A National United Committee to Free Angela Davis was formed and thousands of people around the country organized to gain her release. People showed up at protests wearing “Free Angela” buttons. The movement expanded, with musicians like John Lennon, Yoko Ono and the Rolling Stones recording songs in her support.
Activists raised funds for Davis’ defense, which was estimated to cost half a million dollars. Religious groups, including the United Presbyterian Church and the Southern Christian Leadership Conference, contributed to the campaign.
The state allowed Davis’ release on bail in February 1972. Lawyers filed a motion for a change of venue and Davis’ trial was moved to Santa Clara County. On June 4, 1972, after 13 hours of deliberations over three days, an all-white jury returned verdicts of not guilty on all three charges.
After Acquittal, Davis Focuses on Prisoners' Rights
In a 1997 interview with PBS Frontline, Davis recalled how she worked on behalf of prisoners’ rights even while behind bars, and continued to do so upon her release
“As soon as my trial was over, we tried to use the energy that had developed around my case to create [an] organization, which we called the National Alliance against Racist and Political Repression,” Davis said. “And… I'm still working for the freedom of political prisoners.”
In the C-SPAN interview, Davis recalled how her own time behind bars helped shape her thoughts.
“My experiences during that time were quite formative in many ways,” Davis said. “I had not been able to think through the question of the role the institution of the prison played in perpetuating structures of racism and class bias and so forth.”

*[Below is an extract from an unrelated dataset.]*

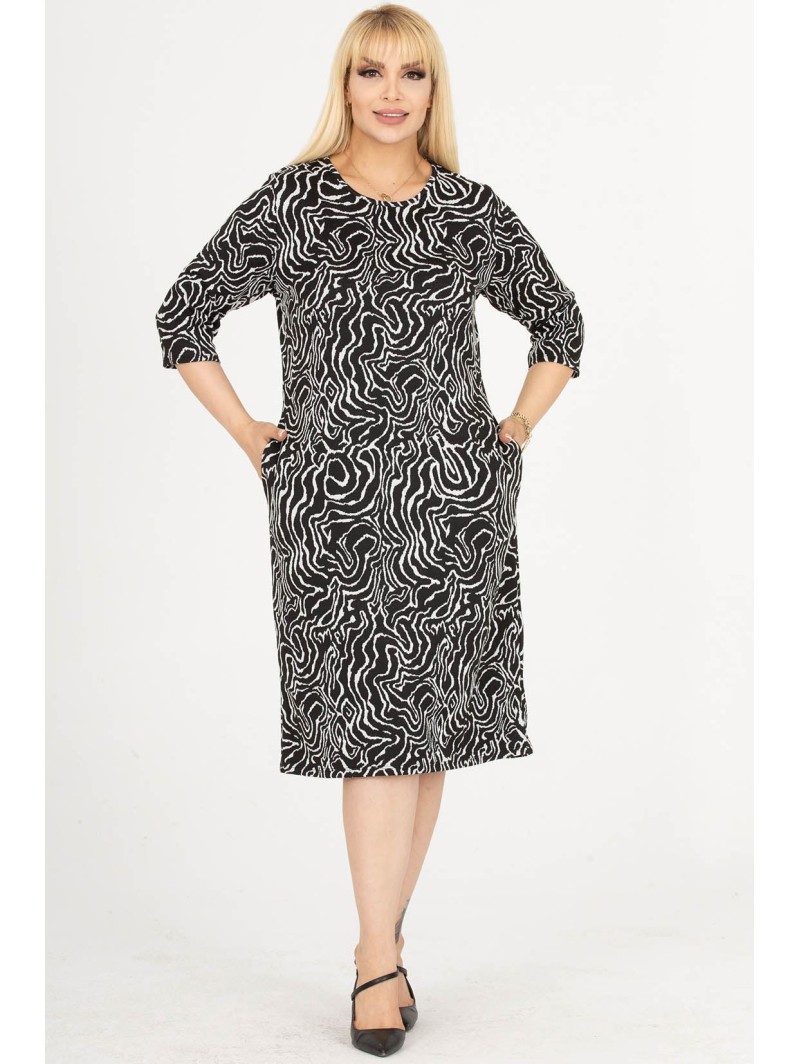 Mustriline taskutega kleit Mustriline taskutega kleit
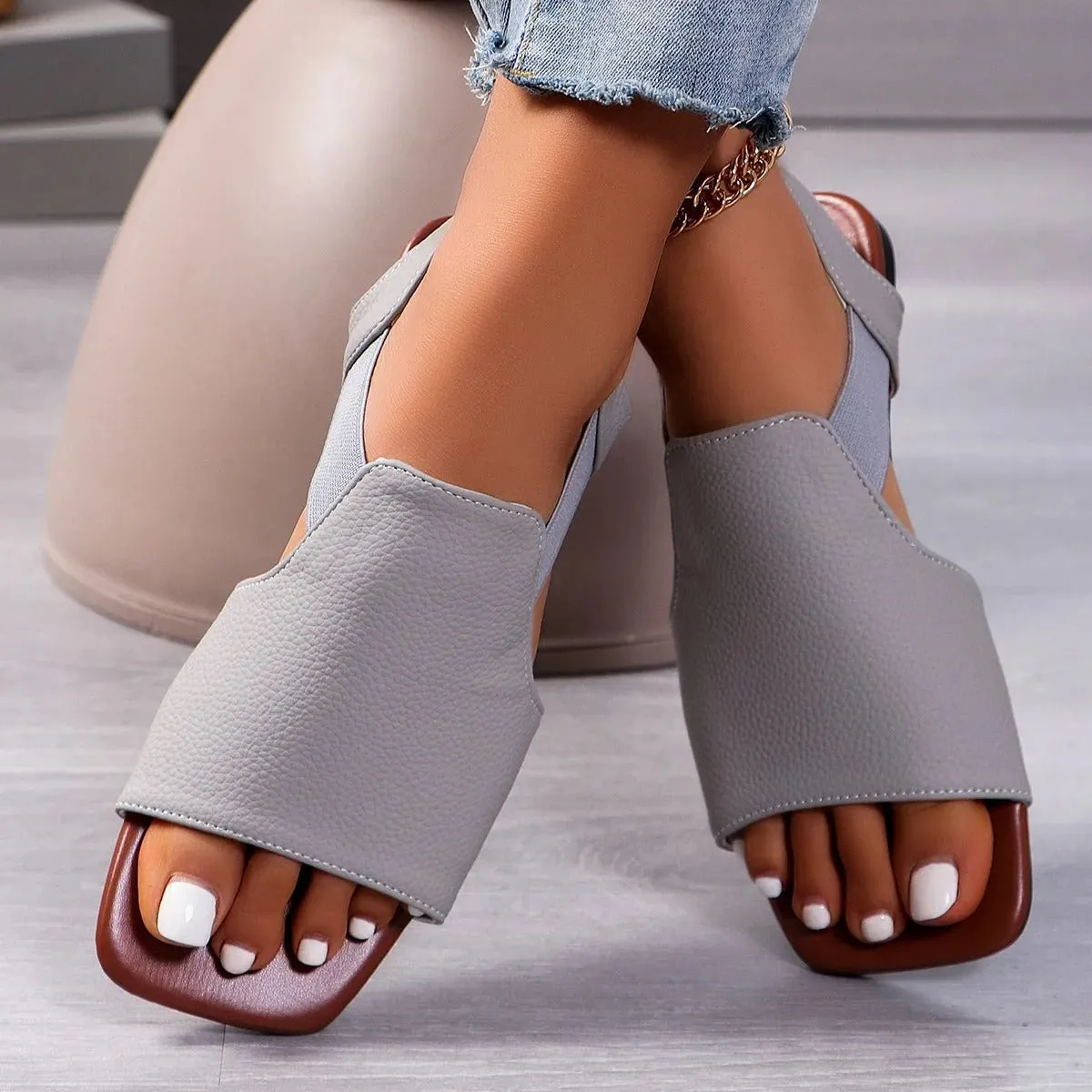 Amelie - Stylish Open-Toe Slingback Sandals for Women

Over the years, Davis remained active as a scholar and activist. In 1991 she became a professor in the field of history of consciousness and feminist studies at the University of California at Santa Cruz and four years later was appointed to the University of California Presidential Chair in African American and Feminist Studies. In 1997 she co-founded Critical Resistance, a national organization dedicated to the dismantling of the “prison industrial complex,” a term that she helped to popularize.
“[Davis and other writers] have generated an intersectional viewpoint from which to examine the utility of prisons, from a feminist perspective and from an anti-racist point of view,” says Diego H. Alcalá Laboy a lawyer specializing in prison rights who is starting a teaching position at the Widener University Delaware Law School. “In the U.S., there is a direct connection between race and [imprisonment], and hers is a significative contribution in that regard.”
Davis retired from teaching at U.C. Santa Cruz in 2008, but continues to write and speak on issues around prisons, police, race, gender and class. She re-released her 1974 memoir, An Autobiography, with a new introduction in 2022.